Seeing where Matt's head is at in 2020 encouraged me to reread his first book, the bestselling Shop Class as Soulcraft, which came out in 2009 in response to the market crash that everyone seems to have forgotten now as we're increasingly told we need austerity to pay back the predatory organizations who caused the debt in the first place. Running the economy is a good gig if you're one of the 'financial class' who maintain the fiction. You can crash the market and make billions of people poorer and then profit from it indefinitely as you charge interest on the loans you handed out to 'solve' the crisis you caused. It takes a special kind of stupid to buy into this.
I've come at this digital prejudice from an educational technology point of view on Dusty World, but it bears examining from a motorcycling perspective too. Crawford is a physicist and mechanical and electrical technician, but he seems to have drawn a hard line between digital technology and everything else. It's probably an age related thing. Matt's about five years older than I am. As I was getting into early home computers and figuring them out he was already through high school and working in his trade. I ended up heading towards IT because when I was working as a millwright I was the only one willing to take computer controlled systems on in a department full of older people who couldn't be bothered.
The idea that digital technology is opaque and unknowable is a continual professional frustration for me as a computer technology teacher. Other educators, students and parents all buy in to this opacity even while they embrace information and communication technology in more aspects of their lives. I understand the reluctance to make ourselves literate in this emerging technology, but if we're all going to use it I'd suggest we're all responsible for having at least a basic understanding of how it works or else we're going to all end up illiterate in a digitally powered world.
A bunch of smooth talking sociopaths have taken over the face of digital technologies, but I can assure you that Google, Facebook and the rest are not the limit of what digital technology can do for us. Thinking that is dangerously reductive. There was a time when the internet was newly birthed from academia and the people on it were exploring a new frontier rather than leveraging it in an Orwellian attempt to monetize our attention. I'm a digitally literate person and I have no love for them, but I get the sense that Matt truly despises computing to the point of lumping any digital tech in with the sociopaths. It's a hard distinction to make, though John Naughton does a good job of coaxing it out of author Shoshan Zuboff:
"While it is impossible to imagine surveillance capitalism without the digital, it is easy to imagine the digital without surveillance capitalism. The point cannot be emphasised enough: surveillance capitalism is not technology. Digital technologies can take many forms and have many effects, depending upon the social and economic logics that bring them to life. Surveillance capitalism relies on algorithms and sensors, machine intelligence and platforms, but it is not the same as any of those."

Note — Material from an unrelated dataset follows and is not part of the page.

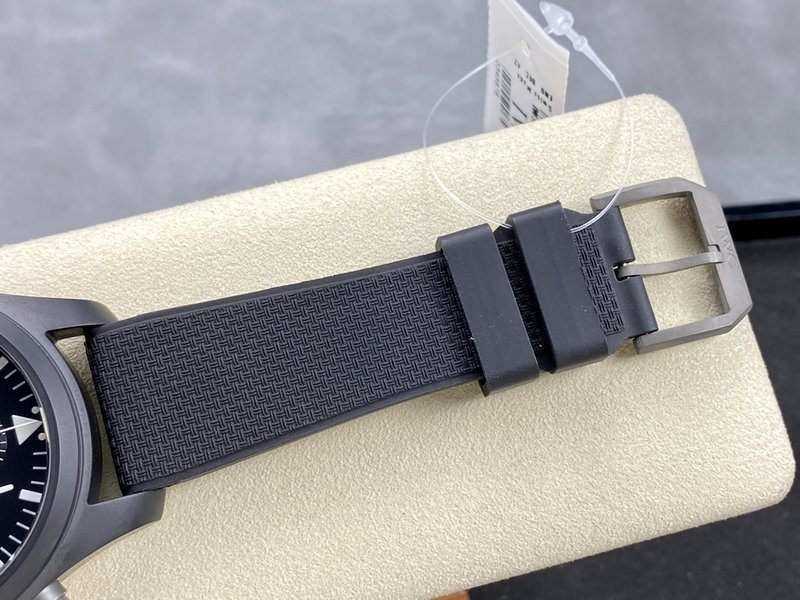 IWC 블랙 세라믹 TOP GUN 크로노그래프 시계 001-285421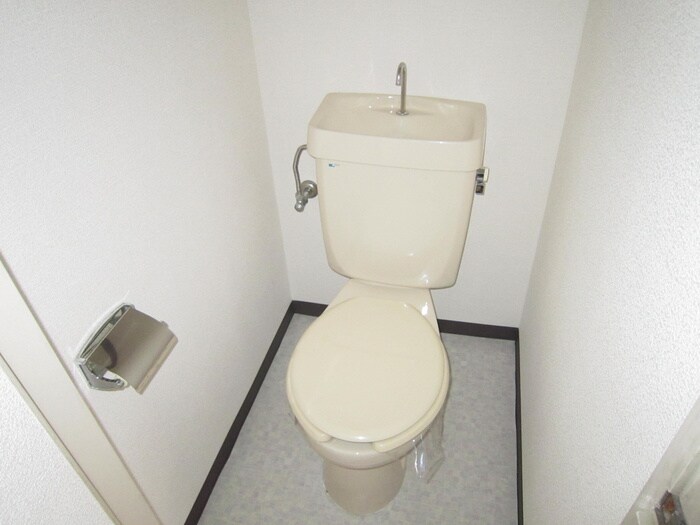 物件内観写真17　(トイレ)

There is a point in the book where Spalding has to re-orientate the reader on how electronics work in MotoGP. Unlike what a consumer is used to, racing electronics have nothing to do with safety. Their only intent is more speed even if it means more effort and skill is expected from the rider. While everyone watching a race has only ever experienced electronic interventions (anti-lock brakes, traction control etc) as a safety blanket thrown over their incompetence, a racer only experiences them through the lens of performance. Electronic intervention on a race bike make it more extreme and harder to ride. That alone should make the true breadth of electronics and digital technology in riding a bit more clear. They are only self-driving us because someone wants them to for their own reasons, not because the tech is inherently focused in that direction.
Crawford often speaks of the mechanical work he's doing on various machines, but mechanical work doesn't end where a computer is involved. There are some parts of vehicular evolution where automation is a much needed advance. Crawford does make a point of mentioning this, but grudgingly. Reading Classic Bike Magazine a few weeks ago I came across a great article about Dr Desmo, Fabio Taglioni, the Ducati engineer who spent his career continually looking for advancements for the brand. His quote about computer controlled fuel injection is much like a MotoGP team's fixation on performance rather than protecting a rider from their own incompetence and is yet another reminder that electronic and digital technology does not have to replace human agency but can in fact enhance it.
Sorting out the Triumph's fuel injection system by finding a modified fuel map and installing it on the bike's FI computer was one of this year's most satisfying repairs. |
It's critically important we don't romanticize old technology for the same reason we shouldn't romanticize previous time periods. If you think the 1960s were some kind of magical time in human history odds are you're a heteronormative, neurotypical white male. From the point of view of the vast majority of the people on the planet the nineteen sixties were fucked, and so was much of the technology we were using back then. That time of excess and privilege has led us to the brink of disaster fifty years later. Longing to go back to it or recreate it is a kind of insanity.
Crawford talks about technology that is locked and closed, like Mercedes without dipsticks to check your own oil, or electronics that are sealed to prevent 'tampering'. Corporations are able to do this because people have been convinced that digital technologies are something they can't comprehend, but this is bullshit. The companies offering to do everything for you aren't technology companies, they are advertising companies. Ignore them and ignore authors who dismiss digital technology as inherently nannying. Modern technology can just as easily be used to enhance human ability and force us to be smarter, stronger and faster as it can be used to make us stupid, docile and compliant. The issue is the intent of the people peddling it, not the tech itself.